__What to produce__.
Write out exactly the lines below starting at the one containing "Warehouse - Studio" and ending at the one containing "Vintage Football Shop | Onze Mondial août 99". Omit every picture.
Data extracts Start Marker
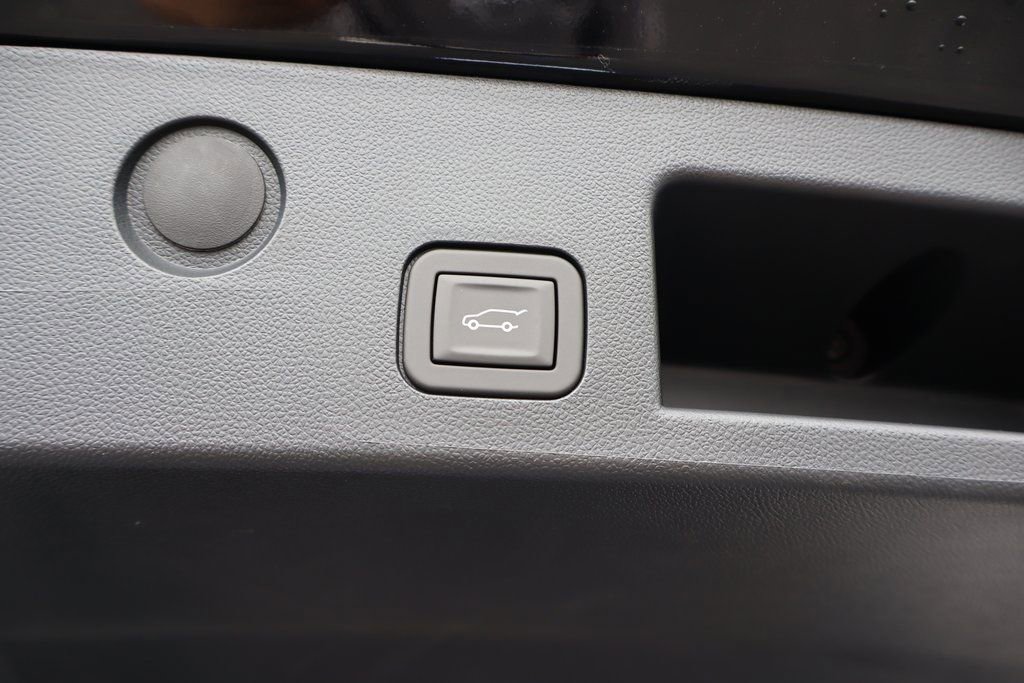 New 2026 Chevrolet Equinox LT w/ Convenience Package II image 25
Data extracts End Marker
Data extracts Start Marker
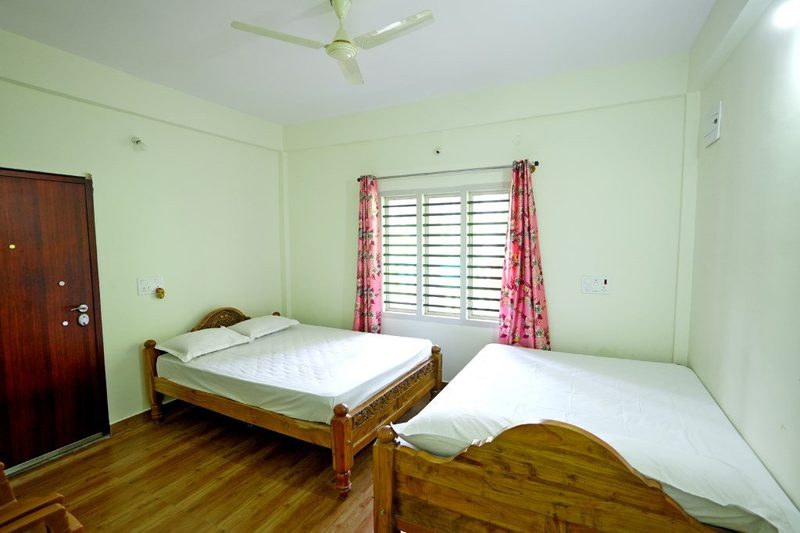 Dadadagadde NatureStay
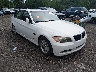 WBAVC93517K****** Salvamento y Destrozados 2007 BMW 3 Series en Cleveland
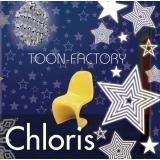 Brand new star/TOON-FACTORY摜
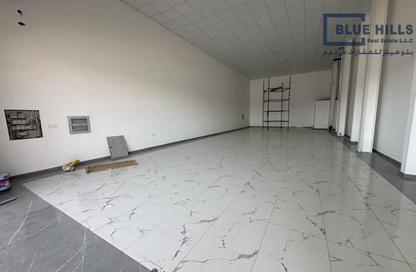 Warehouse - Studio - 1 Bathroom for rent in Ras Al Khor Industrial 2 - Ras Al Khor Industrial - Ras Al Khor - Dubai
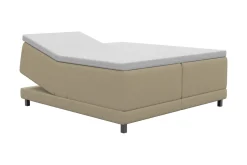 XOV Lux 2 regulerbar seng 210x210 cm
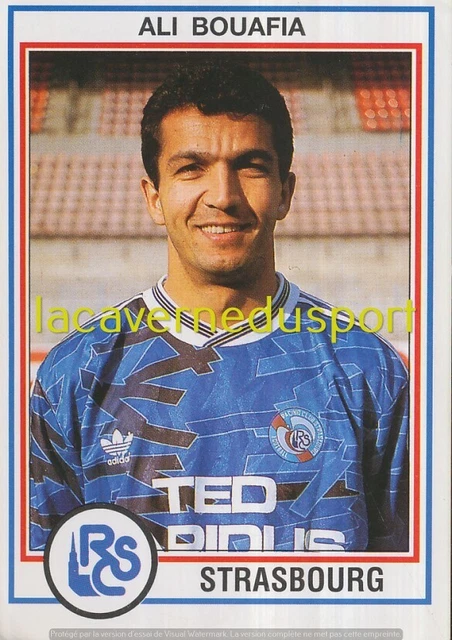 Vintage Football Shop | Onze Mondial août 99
Data extracts End Marker
Data extracts Start Marker
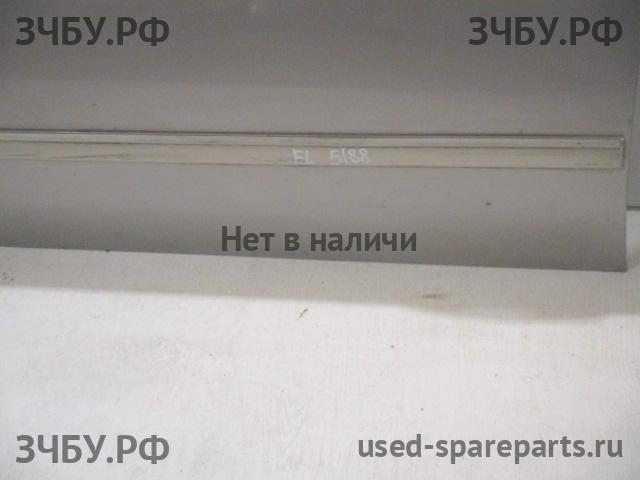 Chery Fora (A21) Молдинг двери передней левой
Data extracts End Marker
__The answer__.
 Warehouse - Studio - 1 Bathroom for rent in Ras Al Khor Industrial 2 - Ras Al Khor Industrial - Ras Al Khor - Dubai
 XOV Lux 2 regulerbar seng 210x210 cm
 Vintage Football Shop | Onze Mondial août 99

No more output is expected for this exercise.